Hoje, em artigo especial para o UOL intitulado “Prisão de ativistas só serve para saciar a fome de vingança de setores raivosos”, o desembargador do Tribunal de Justiça e coordenador da Associação Juízes para a Democracia Siro Darlan põe um pouco mais de luz sobre a questão.

Não é uma opinião definitiva sobre o assunto (nunca uma opinião o é), mas também não é apenas um comentário de facebook.

Trata-se de um dos maiores especialistas em liberdade de expressão do país, um defensor da análise profunda e isenta dos processos para que não aconteça um absurdo como esse da prisão dos ativistas no Rio.

Não se poderia passar pelo tema da necessidade atroz do estado em aprisionar as pessoas pelo simples fato de reclamarem do governo sem que Siro Darlan seja ouvido.

A argumentação do magistrado para que fosse concedido Habeas Corpus aos previamente acusados pelo Estado do Rio de Janeiro colocou novamente os pingos nos “is” da justiça brasileira.

É incrível o silêncio que tomou conta de juristas, advogados e promotores de justiça a respeito da falta de critério utilizada pelos membros do governo que pediram a prisão preventiva de pessoas que tinham sobre seus ombros apenas a acusação de que iriam participar de manifestações ainda durante a Copa do Mundo realizada no país.

Ora, diante de situação tão non sense não podia ser verossímil que o negócio progredisse por um dia que fosse. Mas progrediu!
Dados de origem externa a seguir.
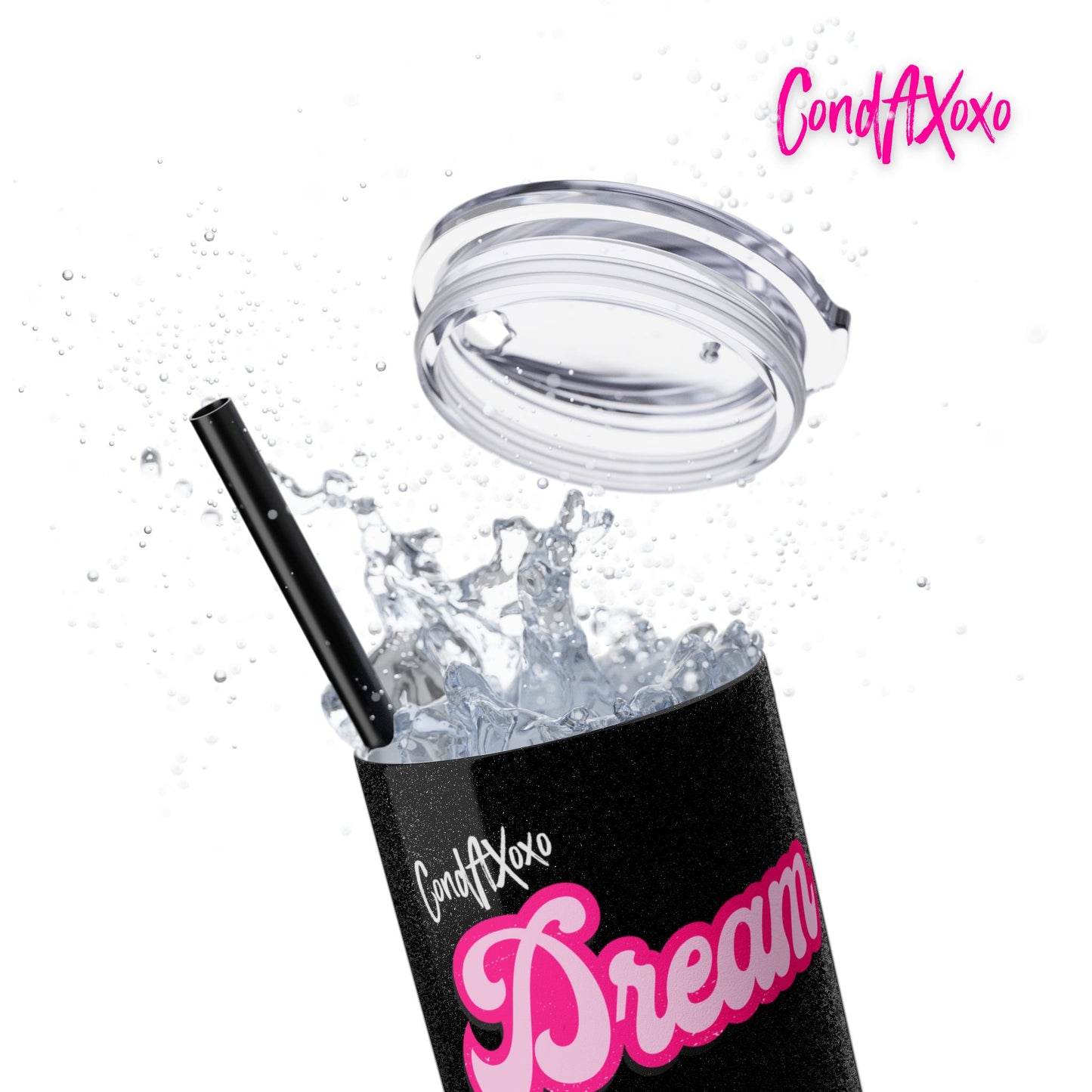 Dream Skinny Tumbler with Straw, 20oz (White Logo) | Xoxo Market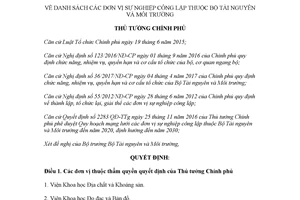 Quyết định 1899/QĐ-TTg 2017 danh sách đơn vị sự nghiệp công lập thuộc Bộ Tài nguyên và Môi trường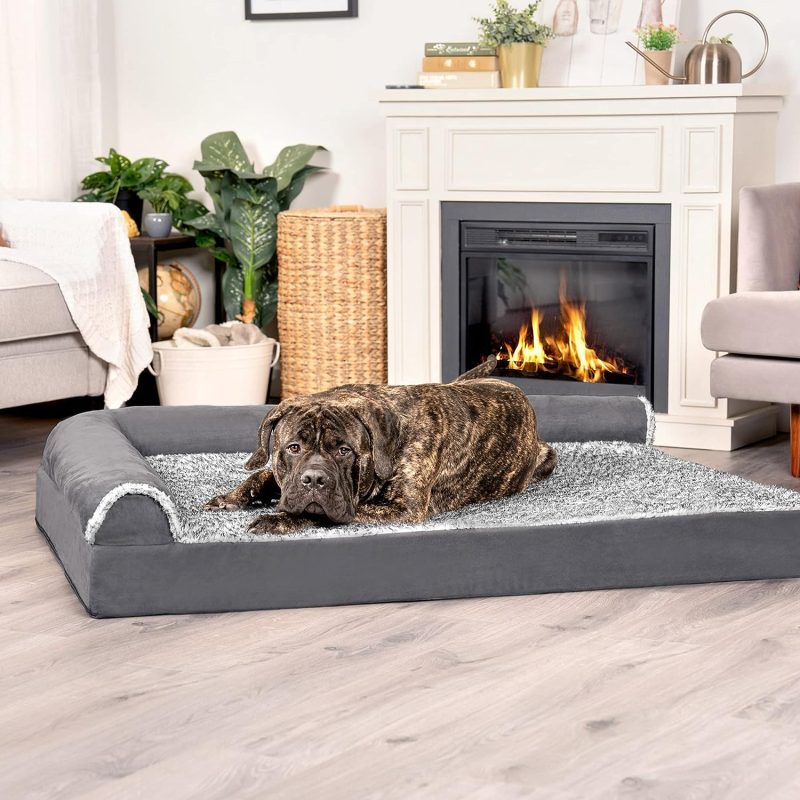 Furhaven Orthopedic Dog Bed for Medium/Small Dogs w/ Removable Bolsters & Washable Cover, For Dogs Up to 35 lbs - Plush & Almond - Image 570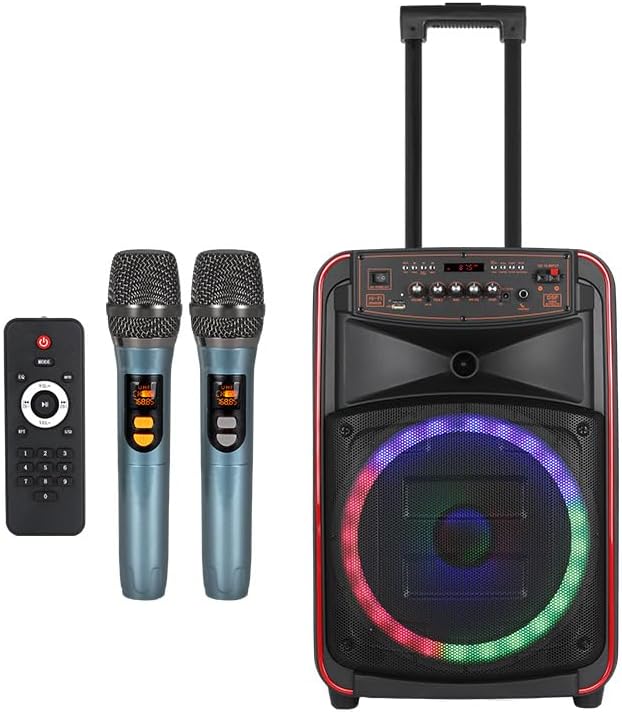 Outdoor 12" high-Power subwoofer Portable Bluetooth Speaker + Dual Wireless Microphone + LED Dazzling Color，Lights Portable Trolley Mobile Sound Applicable Karaoke/Speech/Meeting/KTV (8 inch)
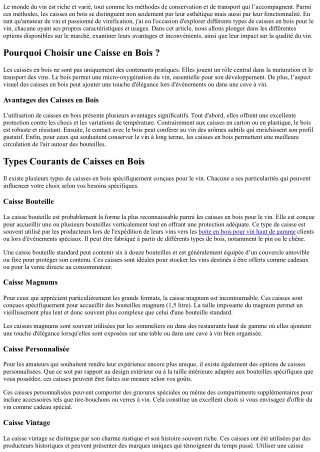 Les Différents Types de Caisses en Bois pour le Vin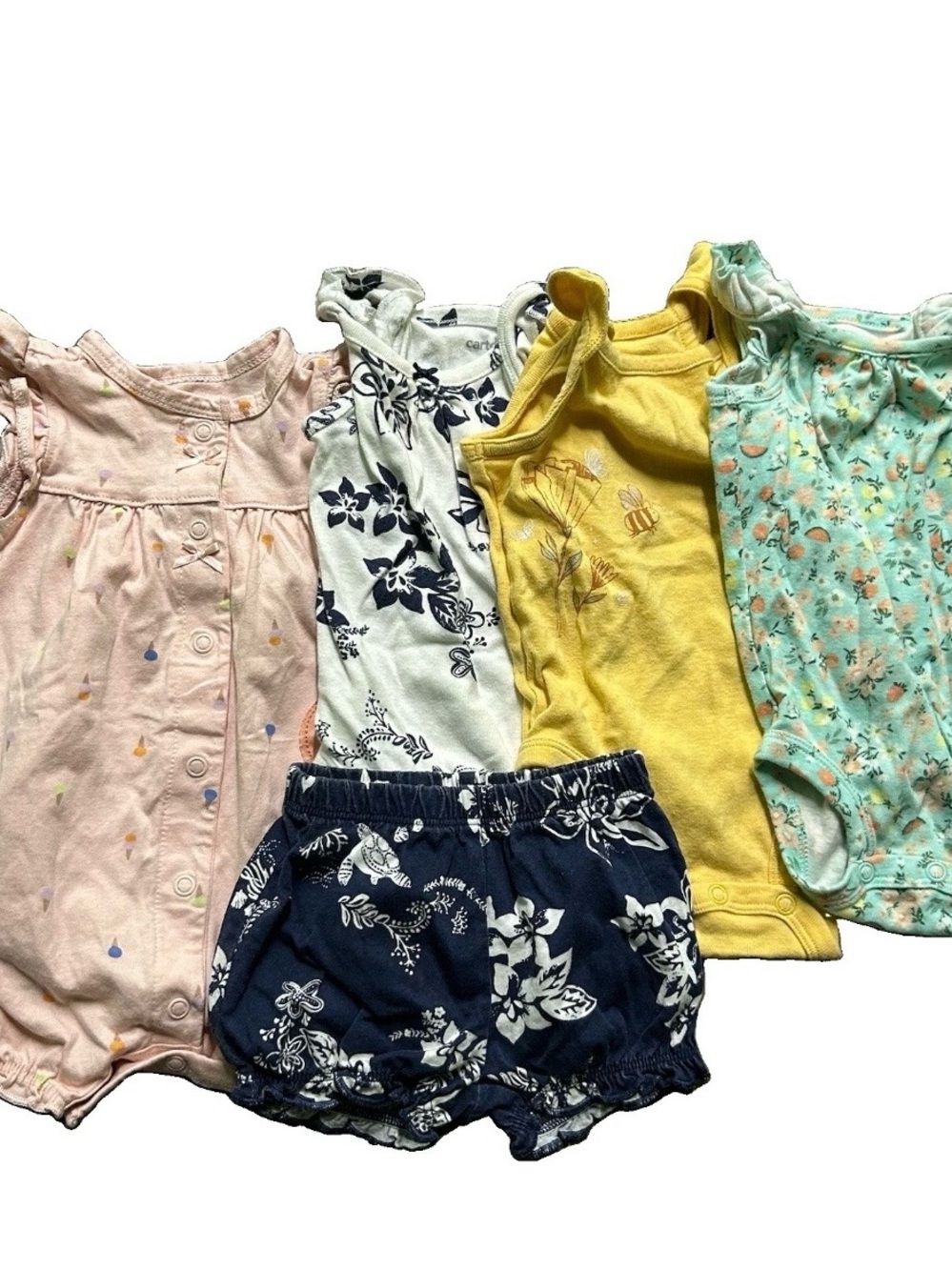 Baby Girl Summer Clothing Romper Bodysuits Shorts Size 0-3 Months
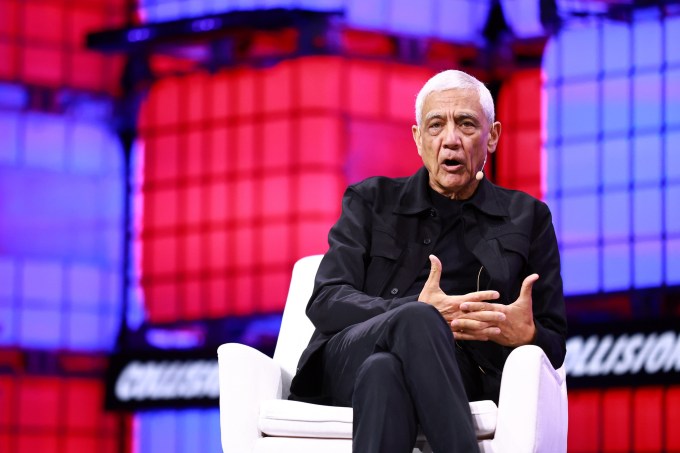 a close-up photo of Vinod Khosla at the Collision conference.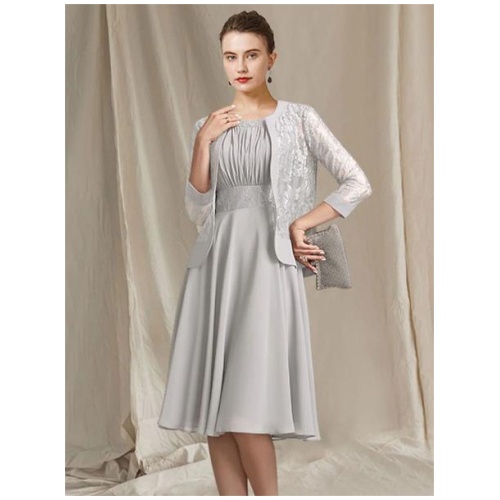 Party Dress For Mother Of The Bride Jewel Neck Sleeveless A-Line Pleated Knee-Length Wedding Guest Dresses Free Customization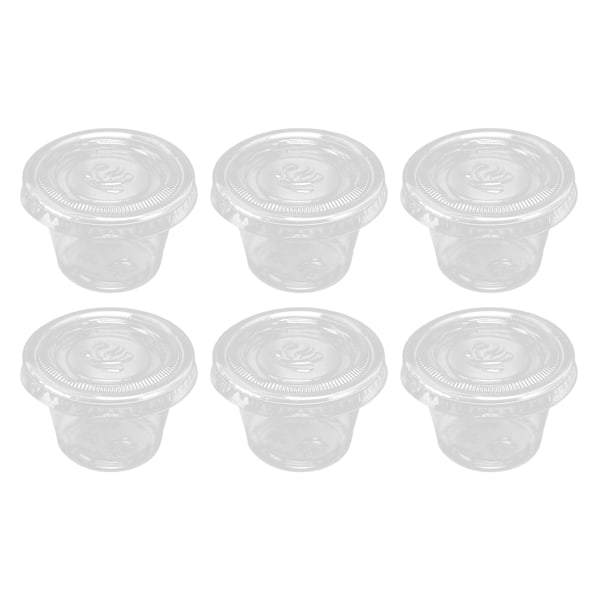 100 set plastportionsmuggar med lock Transparent disponibel kryddbehållare 1oz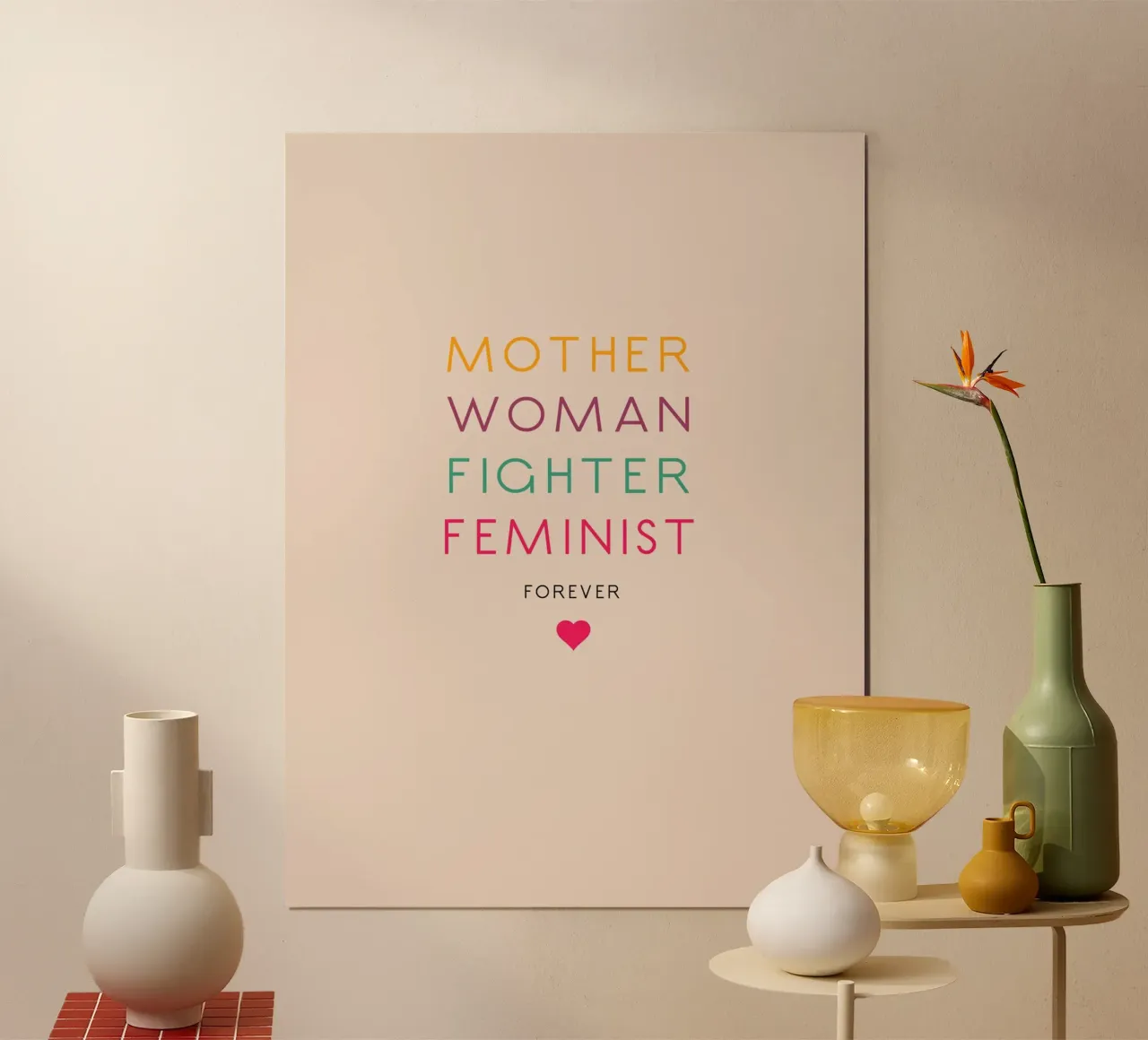 Mother, Woman, Fighter, Feminist poster with aluminum frame by maramirage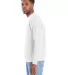 Hanes RS160 Adult Perfect Sweats Crewneck Sweatshi in White side view
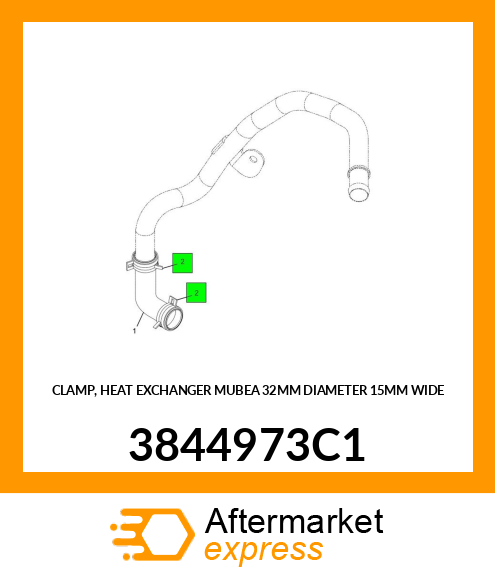 CLAMP, HEAT EXCHANGER MUBEA 32MM DIAMETER 15MM WIDE 3844973C1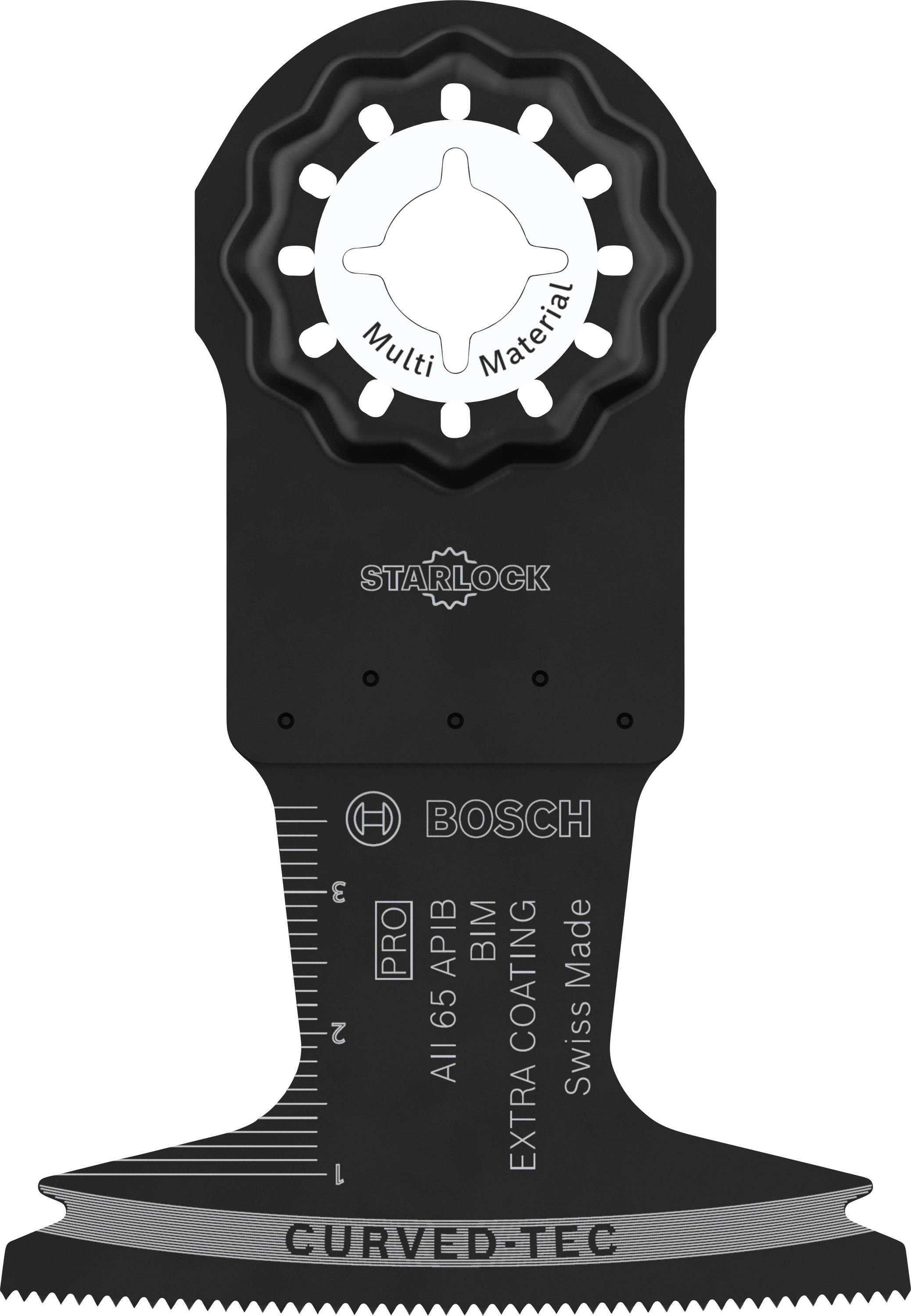 Schwarz-graues Bosch Starlock Sägeblatt, speziell für Multi-Materialien, mit Maßangaben auf der linken Seite und 'CURVED-TEC' unten.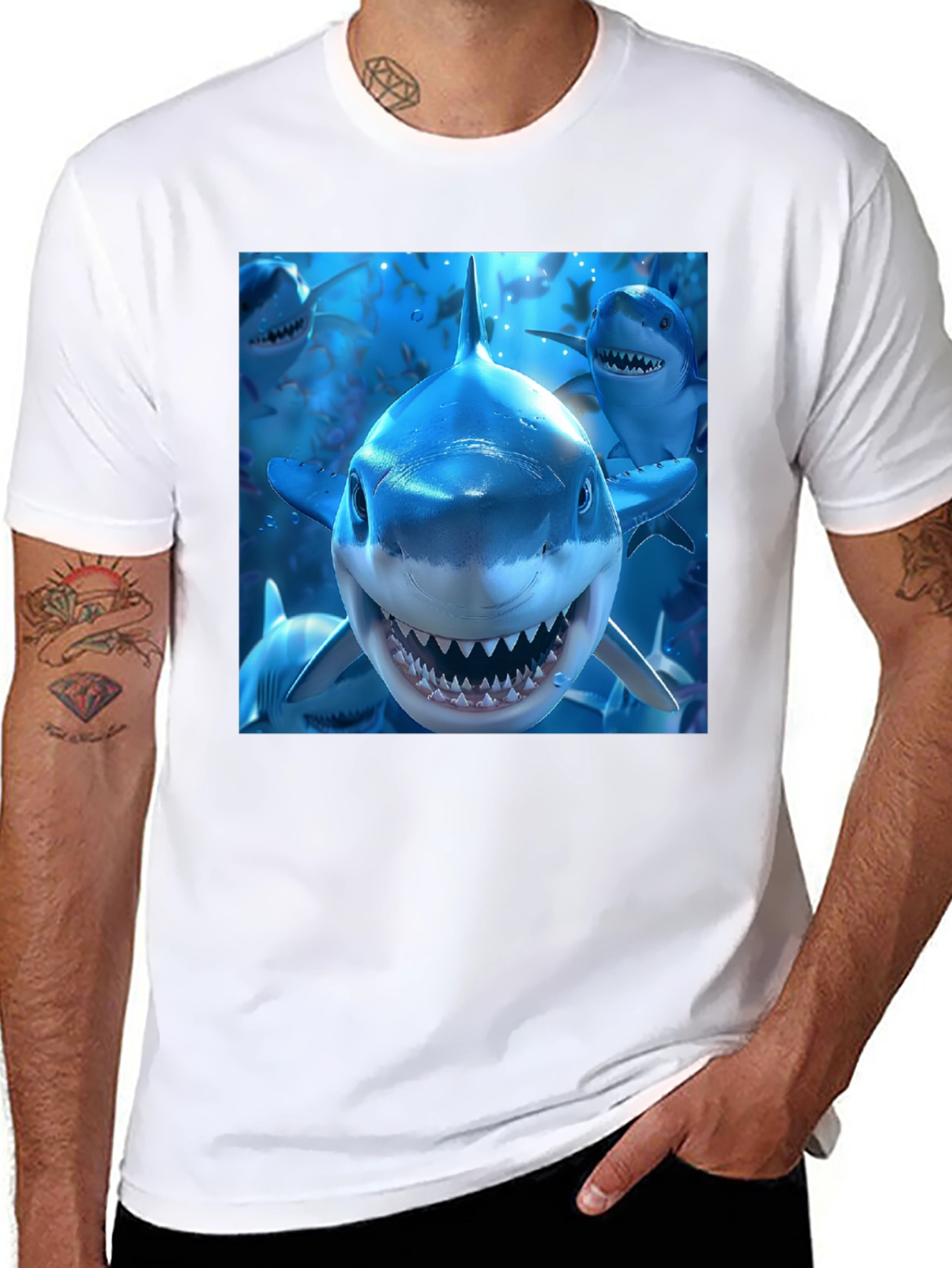 Shark Squad Tee - Mens Black Graphic T-Shirt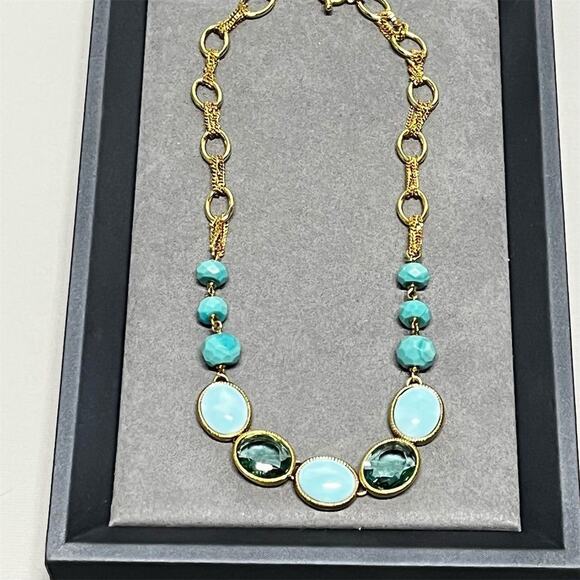 Monet Gold Tone Aqua Cabochon Beaded Necklace 18” Toggle Statement - Picture 1 of 8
O que importava era calar aqueles que estavam contra o governo.

Entenda bem, “contra o governo” e não “contra o Estado de Direito”.

Quem está contra o estado de direito é exatamente o governo do Rio e alguns representantes da Justiça.

Portanto, maior ainda do que a mudez dos magistrados nacionais foi o silêncio sepulcral da imprensa dessa nação. Que não fizesse nada a dona Globo ou os mega-empreendimentos jornalísticos, tudo bem. Mas que a imprensa mais independente (será que ainda existe isso?) ficasse fazendo cara de paisagem era mais esquisito ainda.

Nem o PSOL, nem os outros partidos mais à esquerda se posicionaram mais fortemente, com exceção honrosa a alguns comentários e atitudes do Deputado Jean Willis.

Do PT nem falo nada, já que esta agremiação anda de braços dados com a absurda aliança de Cabral, Pezão e seus asseclas, mas do PSDB nada ecoou, nem que fosse algum comentário infeliz só para ser contra o partido de briguinha deles.

Enfim, a atitude de Siro Darlan ao se posicionar bravamente contra o avanço de atividades ditatoriais dentro de um verdadeiro Estado Democrático demonstra que o que faltava até agora era alguém simplesmente ter coragem.

E é por meio dessa covardia intelectual que está tomando conta do Brasil que vamos levando a vida, pois o que tem interessado para a imprensa é aquilo que bate em Chico, mas que pode bater em Francisco (ou para ficar mais explícito, o que pode bater em Dilma, Aécio, Lula, ou FHC, quem sabe?!).

A luta pelo livre direito de se manifestar não deveria ser da classe estudante ou de uma parcela pequena da população. Esta deveria ser a ideia cravada na mente de todo mundo que mora dentro deste país.

A necessidade de se expressar deveria estar no âmago de qualquer canal de mídia ou imprensa, de qualquer partido ou movimento social.

Pelo jeito, as pessoas não gostam mesmo é de ser incomodadas por qualquer coisa que modifique sua rotina diária, seja por atrapalhar o trânsito ou por fazer barulho, o que importa é que ninguém gosta mesmo é de se sentir fora do caos organizado que a cidade proporciona e que o governo assina embaixo.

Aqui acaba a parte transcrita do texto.